Big Mapple was a project I joined, which was part of the Big Apps competition. I came in a bit late in the game to help with chopping up the design and laying out the html / CSS code for the site. We didn’t win the competition (that’s a different story), but we definitely had one of the most original designs, which made it a fun project to hack to pieces.
Here’s a short feature I put together during my trip to Japan in 2008. I’ve always been a huge fan of driving films, so the idea was to chauffeur around a dog that needs to get a drink. That, and there’s something mesmerizing about watching those shutters open up at the back of Reiko’s parents house.
Another film experiment from my trip to Japan in 2008. We were stranded at this train stop in Jokoji Japan, a small, rural village outside of Nagoya where the trains seldom stop.

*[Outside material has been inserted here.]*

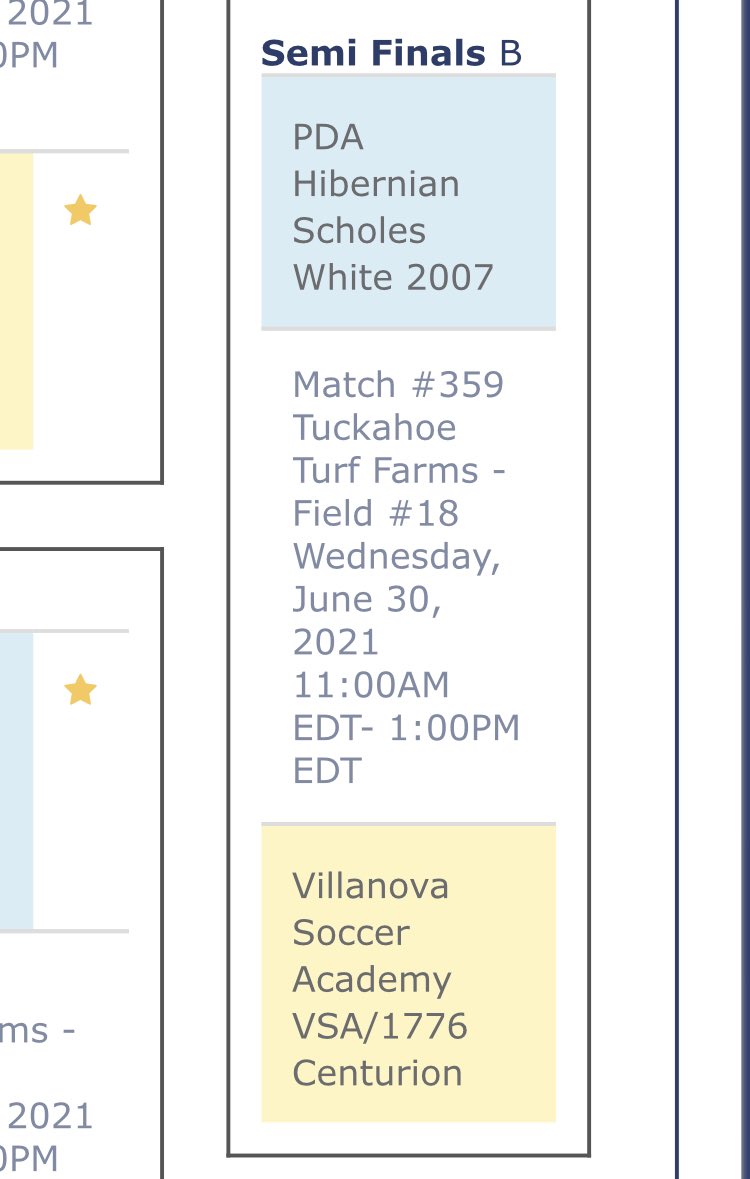 ☘️⚽️☘️Good luck to Scholes tomorrow in the USYS Eastern Regional Semi Finals! #PDAHibos #DevelopmentThroughCompetition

I ended up shooting a lot of footage of the trains passing by and really wanted to do something with it. The song Insensatez inspired me to tell the story of me stopping the train for m’lady. I really enjoyed the simple pleasure of having titles on the screen tell the story, much like an old film would have had, and I added the film grain filter and some slightly greenish color to give it that dated feel.
eThon was a tech demo I worked on for a company called Ionif. My job was to develop both an avatar editor for customizing the user’s runner, as well as eventually developing the game play for a version of Bejewled that had items and power-ups.
I was able complete the back end portion with a user login / registration system, as well as a way to save and load their custom avatars, when the project was abruptly cut short. Due to scheduling and financial conflicts, the project is currently shelved.